_GOAL OF THE EXERCISE_
What is the number of lines in the data that contain "Photo"? Nothing besides that number, please.

....

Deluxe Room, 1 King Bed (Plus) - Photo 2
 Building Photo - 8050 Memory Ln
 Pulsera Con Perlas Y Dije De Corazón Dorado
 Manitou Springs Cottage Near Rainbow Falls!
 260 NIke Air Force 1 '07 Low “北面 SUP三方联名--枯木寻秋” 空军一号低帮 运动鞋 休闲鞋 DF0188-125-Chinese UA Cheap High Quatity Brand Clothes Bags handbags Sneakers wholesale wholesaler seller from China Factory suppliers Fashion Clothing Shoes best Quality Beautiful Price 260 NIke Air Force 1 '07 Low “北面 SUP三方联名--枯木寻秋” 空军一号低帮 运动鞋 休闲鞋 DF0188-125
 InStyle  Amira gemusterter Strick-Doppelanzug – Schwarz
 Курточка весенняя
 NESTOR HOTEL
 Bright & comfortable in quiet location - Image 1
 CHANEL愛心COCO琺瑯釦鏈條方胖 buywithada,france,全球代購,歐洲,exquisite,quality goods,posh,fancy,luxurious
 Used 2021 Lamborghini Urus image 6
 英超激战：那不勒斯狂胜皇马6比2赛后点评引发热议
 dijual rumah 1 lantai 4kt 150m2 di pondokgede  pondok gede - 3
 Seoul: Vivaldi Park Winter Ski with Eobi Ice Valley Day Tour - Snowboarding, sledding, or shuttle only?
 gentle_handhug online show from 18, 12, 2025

....

_EXPECTED OUTPUT_
2